Dr Kathy Rowe, Senior Consultant Paediatrician, Department of General Medicine, Royal Children’s Hospital, Melbourne, Victoria, Australia 3052
kathy.rowe@rch.org.au No conflicts of interest to declare. RCH internally funded.

 
Messages
15,786
A good example of why the cause of symptoms shouldn't be assumed (and acted upon) without proper investigation. It's not just a matter of useless and frustrating treatments for the presumed problem, but a delay in uncovering and treating the real problem.
 

anciendaze

Senior Member
Messages
1,841
I went that route when the term CFS had not been invented. That detour ended when I refused to do any more glucose tolerance tests. At that time, long before I heard of PEM, I reported that each GTT left me "wiped out" for three days afterward. This comment went in the medical bit bucket.
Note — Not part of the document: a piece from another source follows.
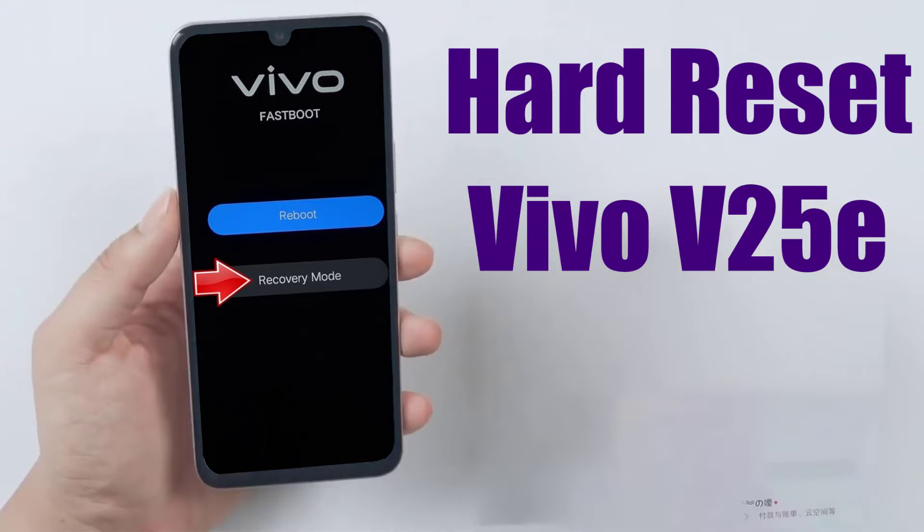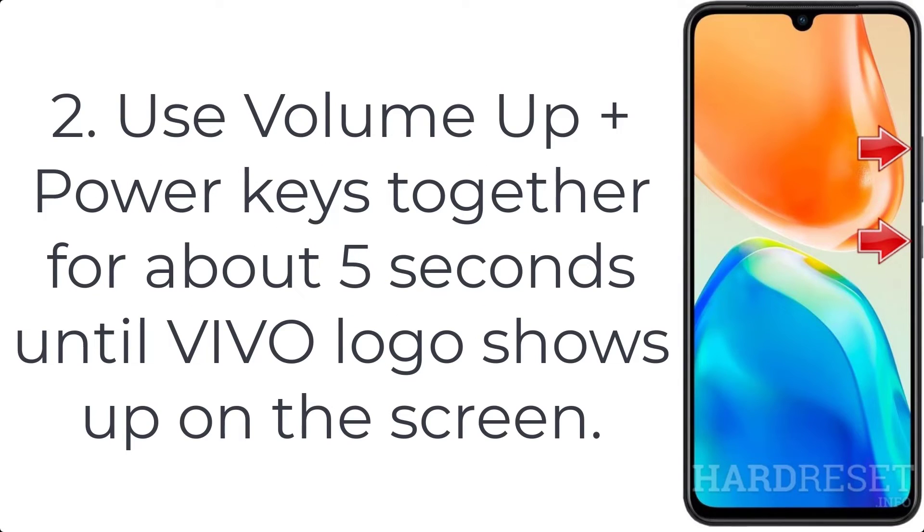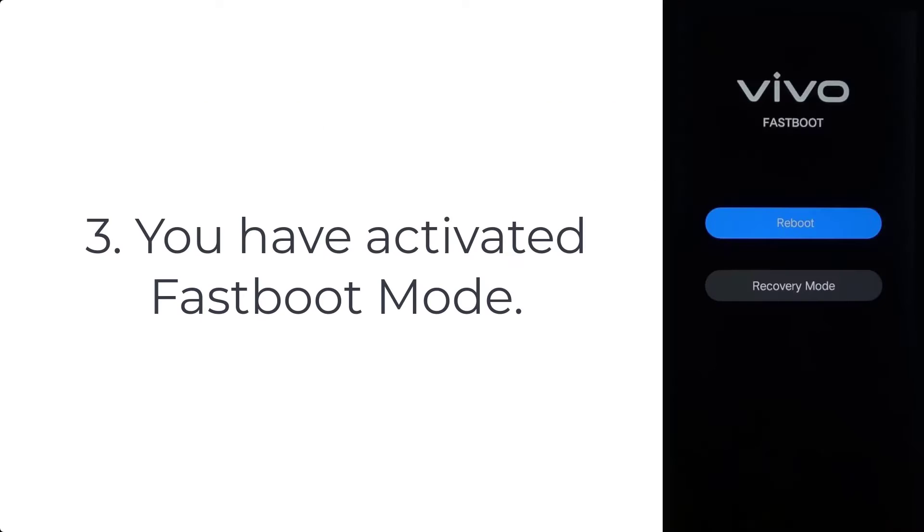How to hard reset Vivo V25A. Step 1: Use the power key to open the power menu and turn off your Vivo V25A. Step 2: Use the volume up plus power keys together for about 5 seconds until the Vivo logo shows up on the screen. Step 3: You have activated fast boot mode.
I also had questions about cortisol, which led to a test that showed nothing because it was looking for quantities of cortisol over a full daily cycle. Recent research shows that ME/CFS patients have trouble bringing cortisol up in mornings, and probably down in evenings, when they are "wired". This is what I described as a "phase lag" many years ago. The concept was simply not in medical thinking.

This is a problem with regulation of endocrine response that does not fit in the "too much/too little" dichotomies.

The term orthostatic intolerance was not in wide use at the time, and was certainly not considered relevant.
 

Sidereal

Senior Member
Messages
4,856
Hypoglycaemia used to be what some clinicians called CFS before the term was invented. Most people who think they have reactive hypoglycaemia when they get that sudden shakiness/crashing don't actually have low blood glucose; these are autonomic symptoms.
 

RogerBlack

Senior Member
Messages
902
Blood test kits are very inexpensive.
I would have loved for my symptoms to be hypos - but alas - glucose meter says no.
 

KME

Messages
91
Location
Ireland
Really valuable study, I think. I've been alarmed at how quick some nutritionists specialising in ME/CFS are to "diagnose" hypoglycaemia based on symptoms alone, or to simply take a person's word for it that they have hypoglycaemic episodes, when those symptoms could also be those of orthostatic intolerance. (The same symptoms are often interpreted as anxiety by psychologists, -iatrists, -therapists and co.) Hopefully this will lead to more people being guided towards effective treatment of orthostatic intolerance.